DIRECTIONS FOR THIS TASK.
In the entries below, find the line with "2208 Jefferson Rd, Manchester, IA 52057" and the line with "2017 Mercedes-Benz GLC 300". Repeat exactly everything between them, those two lines included, but not the pictures.

INPUT MATERIAL.
┏━━
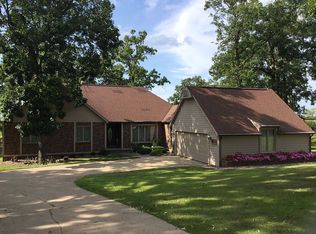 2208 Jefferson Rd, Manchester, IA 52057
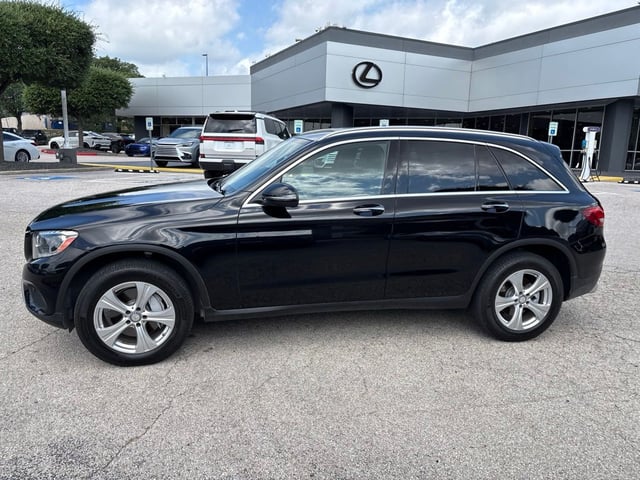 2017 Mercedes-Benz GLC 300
┗━━
┏━━
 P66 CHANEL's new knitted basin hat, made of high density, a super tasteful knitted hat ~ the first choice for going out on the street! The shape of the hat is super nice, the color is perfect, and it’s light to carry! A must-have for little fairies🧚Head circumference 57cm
┗━━
ANSWER SECTION.
 2208 Jefferson Rd, Manchester, IA 52057
 2017 Mercedes-Benz GLC 300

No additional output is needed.